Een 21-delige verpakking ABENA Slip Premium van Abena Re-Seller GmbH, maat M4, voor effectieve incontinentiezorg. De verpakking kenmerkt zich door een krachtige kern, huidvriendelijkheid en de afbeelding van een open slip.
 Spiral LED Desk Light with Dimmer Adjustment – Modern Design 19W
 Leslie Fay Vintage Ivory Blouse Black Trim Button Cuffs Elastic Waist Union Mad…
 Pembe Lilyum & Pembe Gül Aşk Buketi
____
### [DIRECTIONS FOR THIS TASK]
Set down exactly the lines of the material above from the one with "Spiral LED Desk" through the end. Include both ends and nothing else.

### [ANSWER TO THIS EXERCISE]
 Spiral LED Desk Light with Dimmer Adjustment – Modern Design 19W
 Leslie Fay Vintage Ivory Blouse Black Trim Button Cuffs Elastic Waist Union Mad…
 Pembe Lilyum & Pembe Gül Aşk Buketi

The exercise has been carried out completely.